(Items from a dataset)
*** Block opens ***
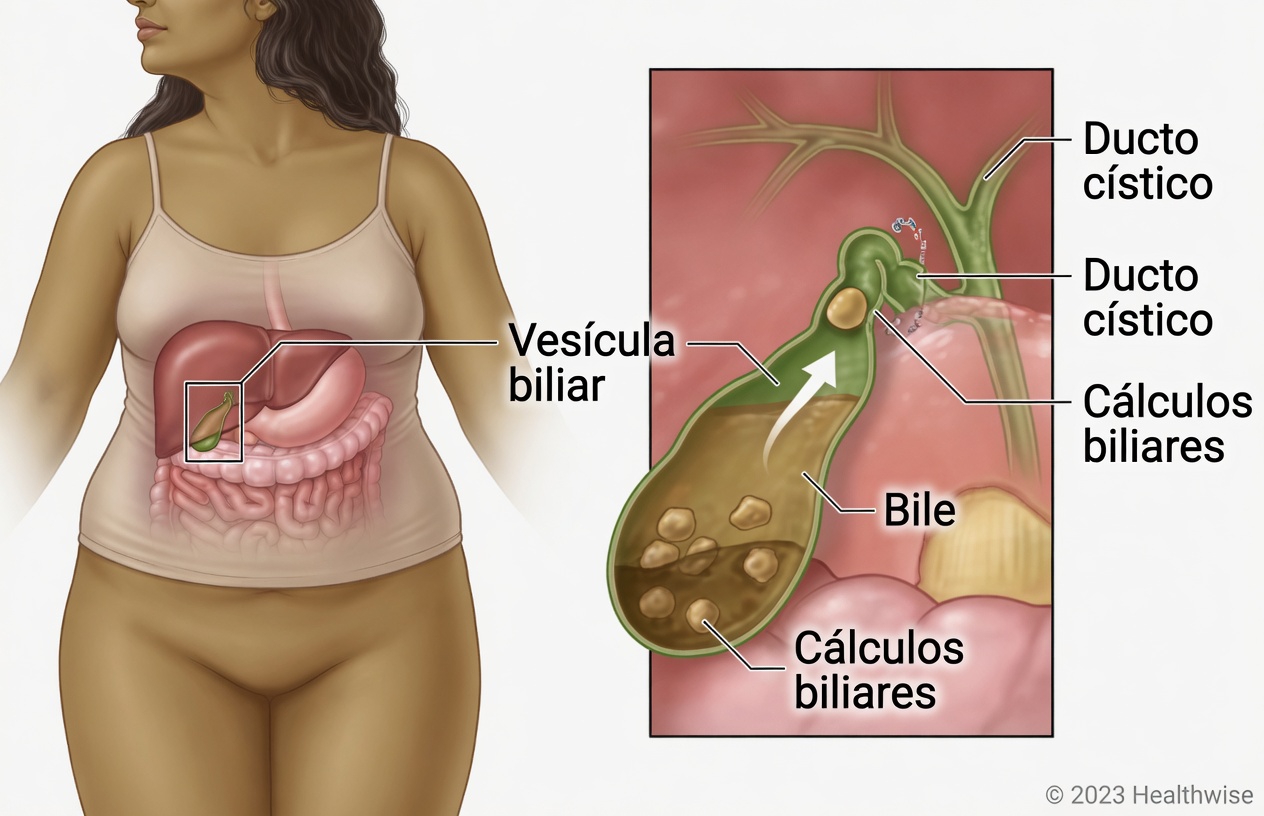 Descubra dois hábitos diários que podem ajudar no conforto da vesícula biliar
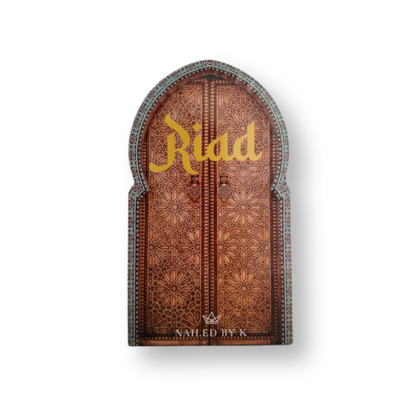 Coffret semi-permanent - Collection Riad - Nailed by K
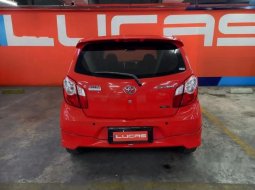 Toyota Agya 2017 DKI Jakarta dijual dengan harga termurah 7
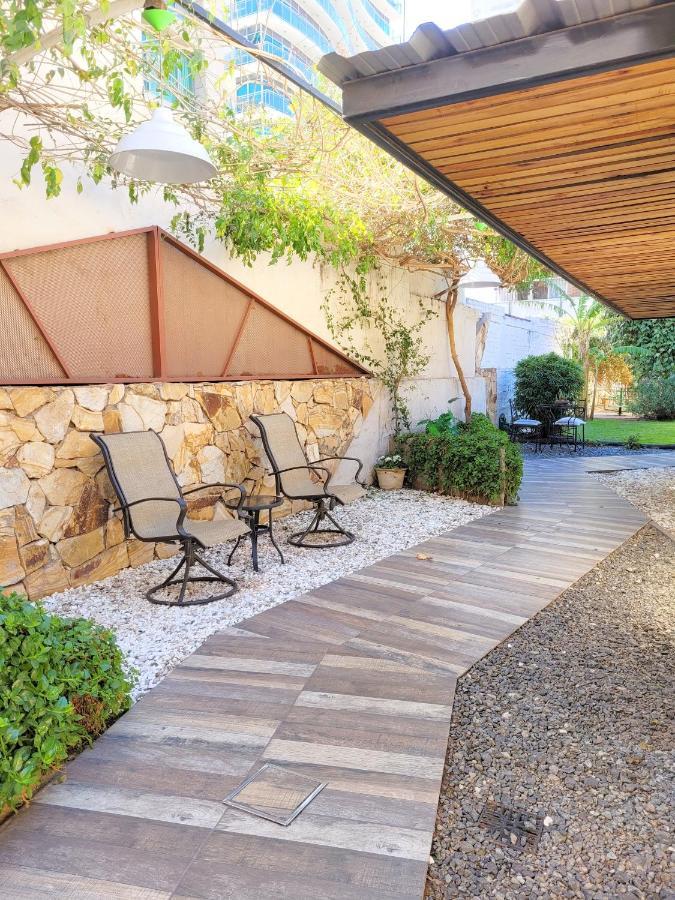 "Casa Amalia Apartamentos" Plaza Italia Y Av Aristides A 50Mts, Lugar Con Jardin Mendoza Buitenkant foto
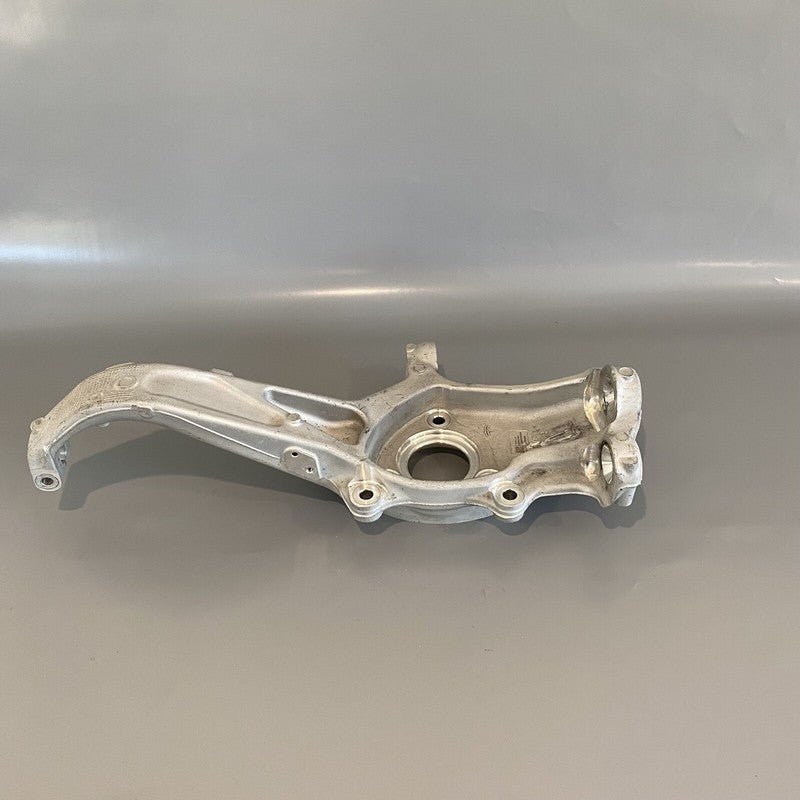 1044311-00-E TESLA MODEL 3 KNUCKLE LEFT FRONT RWD/DM 1044311-00-E 2017 2018 2019 2020 OEM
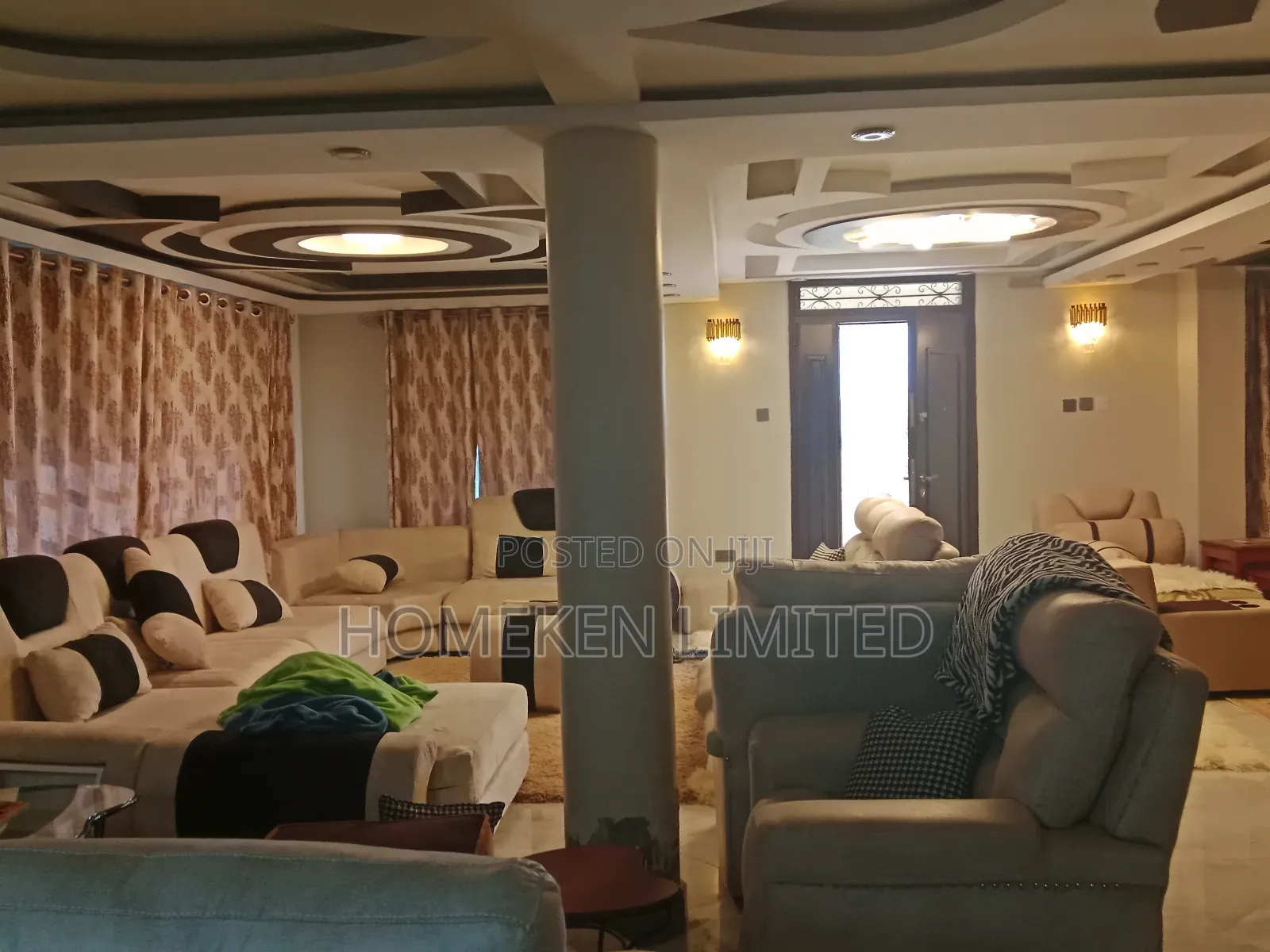 Furnished 10bdrm House in Mbirikani for sale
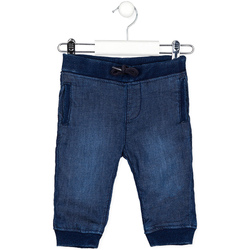 Vêtements Enfant Jeans Losan 127-9657AL Bleu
*** Block closes ***
• TASK DIRECTIONS:
Which lines run from the one holding "Furnished 10bdrm House in Mbirikani for sale" through the end of the records? Reproduce them word for word, both ends included, with no pictures.

• THE ANSWER:
 Furnished 10bdrm House in Mbirikani for sale
 Vêtements Enfant Jeans Losan 127-9657AL Bleu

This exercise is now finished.